We present a method that uses complete textual profiles of MEDLINE abstracts instead of term co-occurrence information. It can be expected that two genes involved in the same pathology have a comparable textual profile. Therefore, the cosine-based distance between the weight vectors of their profiles is a valid measure for the similarity between them.

We created several textual profiles for every genetic locus in LocusLink and repeated this for differ-ent domain vocabularies. Again, the vocabularies define which aspect of the literature describing these loci is emphasized. They allow us to filter irrelevant information and focus on the information germane to the query at hand. In the example below we compare the performance of two vocab-ularies: one consisting of terms and phrases extracted from GO, and one comprising pathology terms and phrases derived from OMIM’s Morbid Map.

Another advantage of working with textual profiles is the straightforward way we can construct disease models. We assume that the literature about a set of genes known to be involved in a certain pathological condition contains all the relevant information and that the average textual profile of all profiles of these genes is a sound model for this pathology.
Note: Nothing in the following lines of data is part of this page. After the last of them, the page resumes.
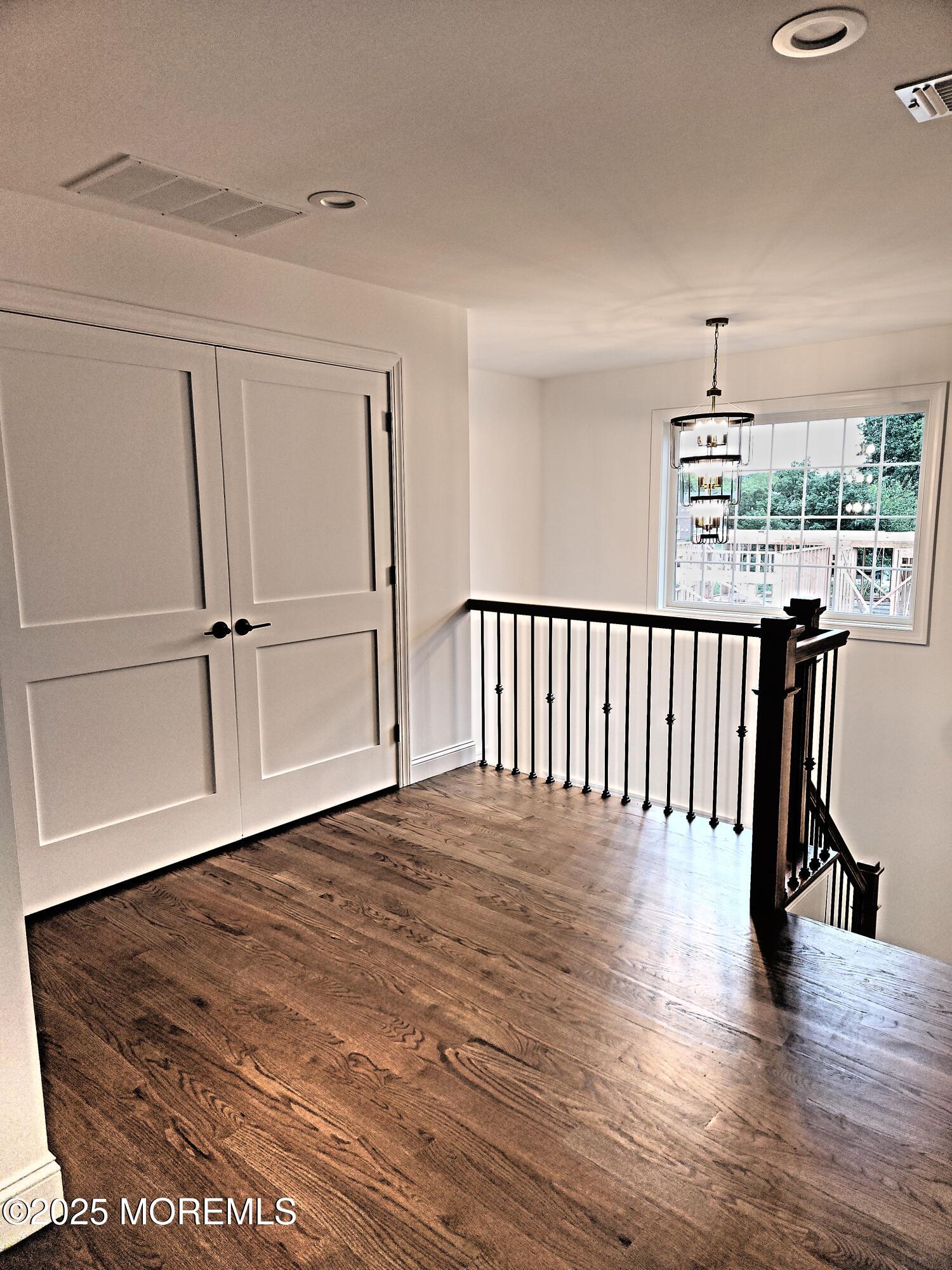 413 b Lake Shore, Brick, NJ, 08723 image 8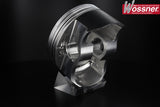 WÖSSNER Pro Series Forged Piston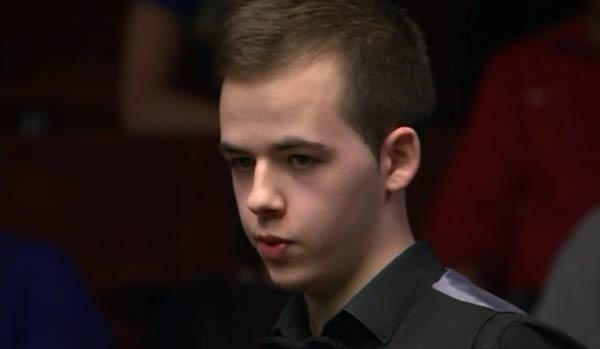 泽卡:我想要尽快取得首球;球队主场的氛围难以置信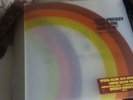 elvis presley thats the was it is lp special 30 year box set vgc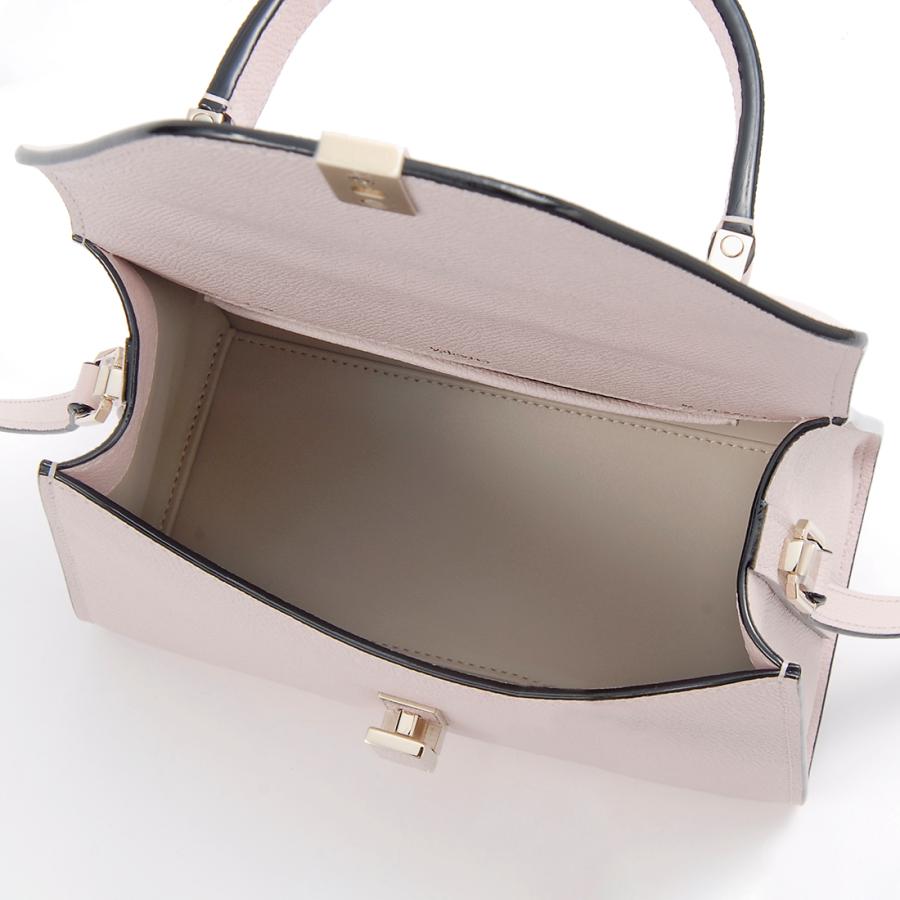 Valextra ヴァレクストラ　ハンドバッグ Valextra（ヴァレクストラ） ボーナスストア5%OFF Valextra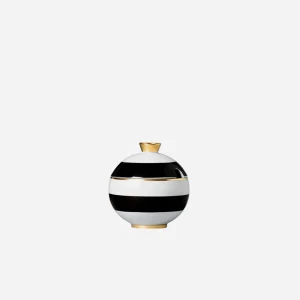 Ca' d'Oro Sugar Bowl
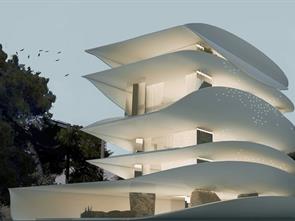 architect-project-min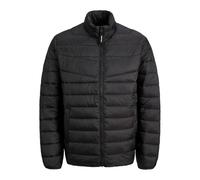 JACK & JONES West Light Puffer Jacket S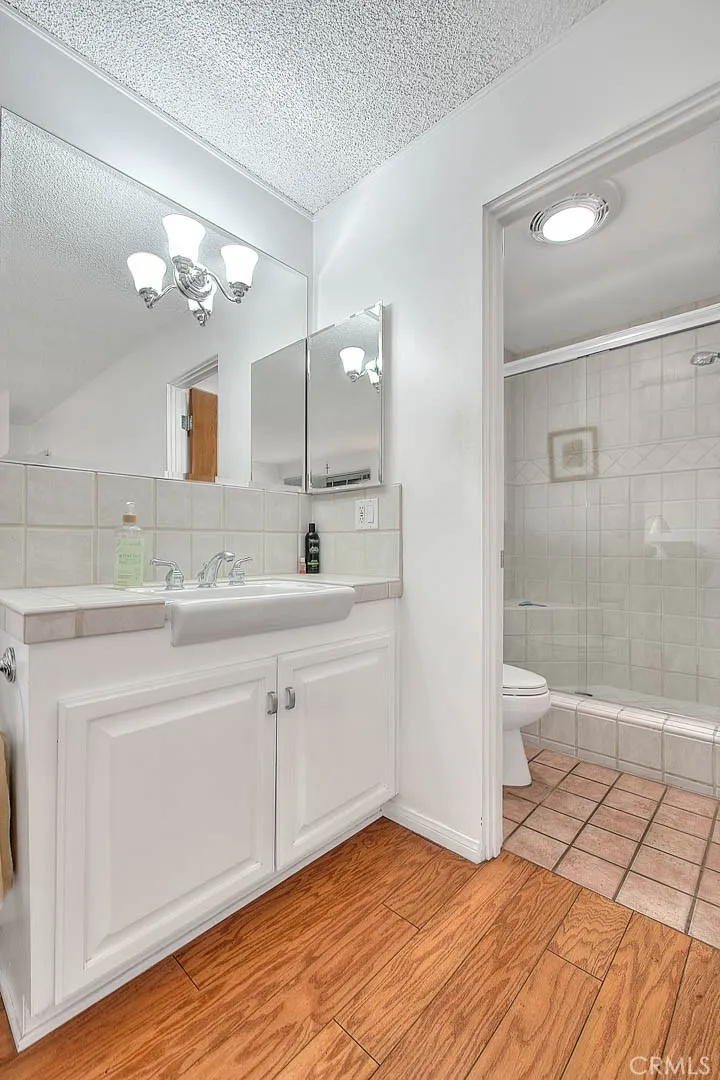 Additional image 111 of 2497 Sierra Drive, Upland, CA 91784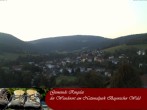 Archiv Foto Webcam Ringelai 19:00
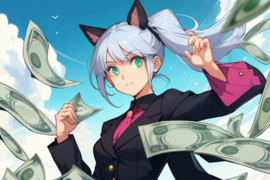 单价利润怎么算（单价乘销售利润率等于什么）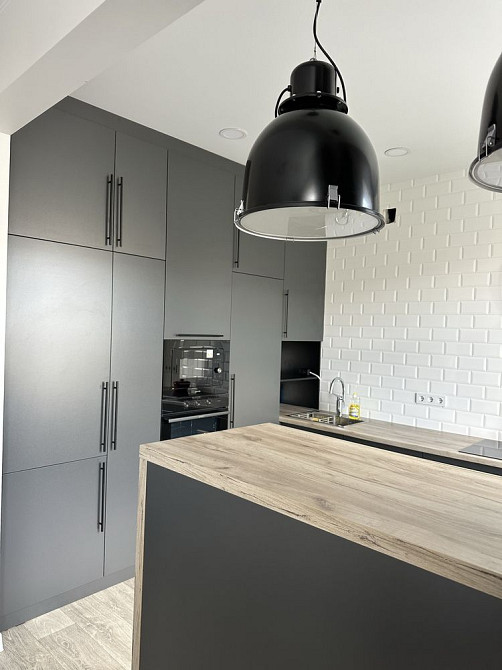 Сдам свою 3к. кв Харьков - изображение 6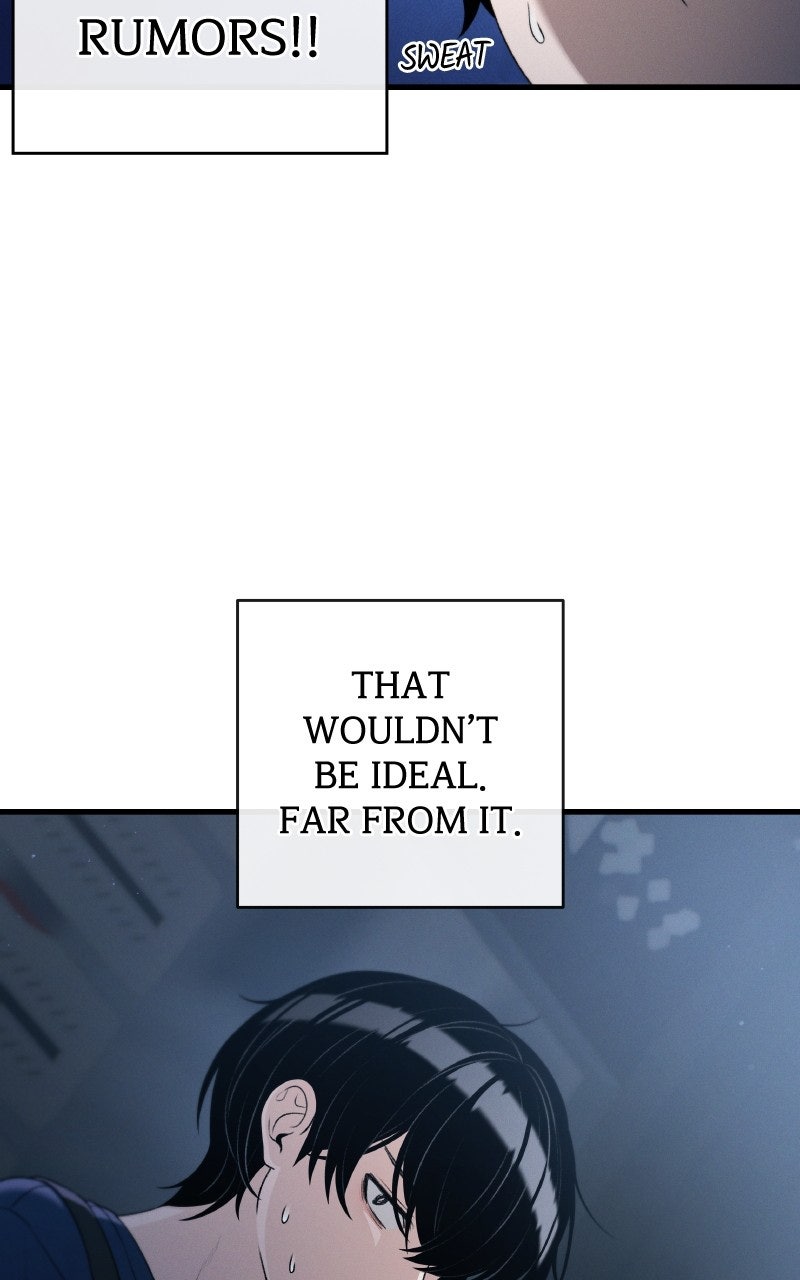 Read Ctrl+Alt+Resign chapter 30 image 14 on Lezhin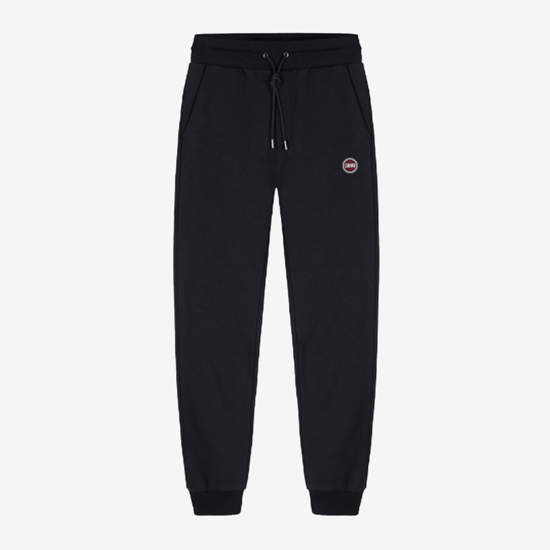 COLMAR m hlače 62000005 1WX 99 black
Once a model is built this way, we can prioritize a list of genes by measuring the cosine similarity between the weight vectors of all gene profiles and the weight vector of the model.

The Charcot-Marie-Tooth (CMT) disease will be used to exemplify our approach. We retrieved all genes known to be involved in the disease from OMIM’s Gene Map, resulting in a training set of 16 genes. Our model consists of the average textual profile of all gene profiles.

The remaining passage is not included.